もやし

ファンタスティック・ビーストと魔法使いの旅のもやしのレビュー・感想・評価

4.9
めっちゃ心響く話だった!
こんな映画だと思ってなかった。

独特のチャーミングさ?みたいなものがあって、ハリポタとは全く雰囲気違うんだね。
魔法のワクワク感もありつつ。
映像表現が本当に情緒豊かで凄かったね。
大人向け魔法使い映画って感じだったね。
とても普遍的なテーマに溢れているし。
最初はとっちらかってるように見えたけど、最後のまとまりは綺麗だったね。綺麗すぎてちょっと鼻についたぐらい笑

登場人物も抑えめながら皆素敵だったね。
ビーストも結構象徴性と奥深さに溢れてたように思った。

ビーストの変な面白さもあって序盤は本当にポップな感じやったね。
でもなんだか色んな要素がありすぎたり、能天気すぎる感じもあって、ああなんかこのまま行ったらあんまり好きじゃない映画だなあとは正直思ってた。
でも中盤に来て突然の人の死。

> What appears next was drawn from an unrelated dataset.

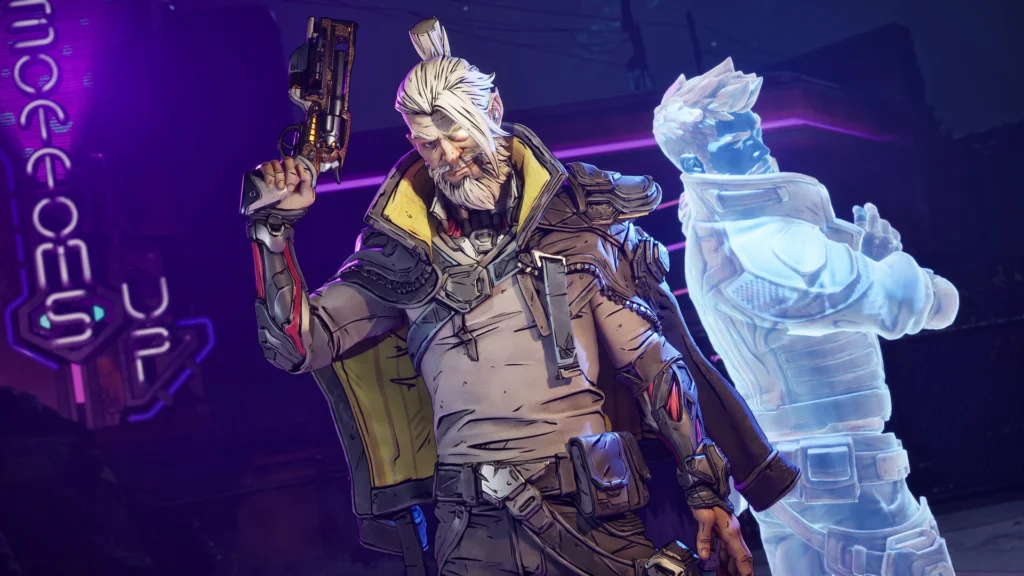 Zane, el Buscacámaras de Borderlands 4, empuña una pistola junto a su doble holográfico en un entorno neón.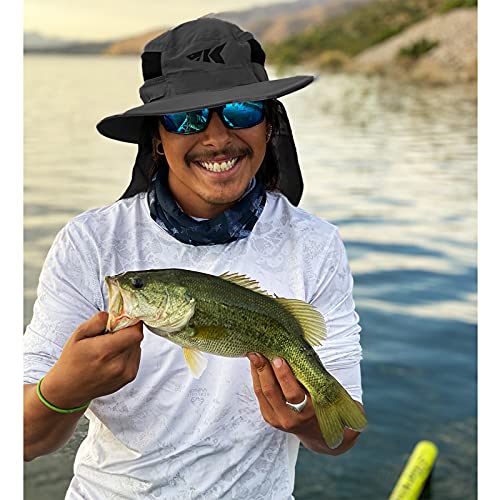 KastKing Sol Armis UPF 50 Boonie Hat - Sun Protection Hat, Fishing Hat, Beach & Hiking Hat, Paddling - color: U: Gray, size: With Neck Shield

物語の意味合いが一気に変わった瞬間だった。

自分のようなめんどくさいタイプが一番入り込んだのは、やはりオブスキュラスという概念についてだった。
人の内面の葛藤と苦しみの象徴オブスキュラス。
少年期に、ごく一部の抱える苦しみが大きい魔法使いの内面に宿り、いつしか具現化し、敵意を持ち、世の中を破壊し、最後は本人を死に至らしめる魔力。
今回の話でも一人の子に宿り、とんでもないことになっていく。
この苦しみの部分はとても普遍的だと思うし、深く共感せざるを得ない。

そしてやはり必要なのは寄り添ってくれる人の存在。
この映画の心優しき人達の態度はとても思いやりと真摯さに溢れていて、本人の苦しみも相まって思わず泣きそうになる。
だが、やはりそれで全て良い方向に行くというわけではないのが、ね。

人間ドラマ要素もあり、恋愛要素も多分にあり、とても感動的で、ラストはそれが美しく収束していく。
でも、正直美しすぎやしないかと思わなくもなかった。
これじゃあの子の力というのがただの危険分子という扱いで終わってしまうのではないか。
もちろんそうではないことは描かれてはいるが、この終わりの美しさはそれを少し軽いものに感じさせてしまう。
もちろんシリーズ最初は前向きさを感じさせる必要があるし、これは単純に脚本の完成度の高さに他ならないから、全然良いんだけどさ。
これからの展開がどういったニュアンスのものになるのかとても気になります。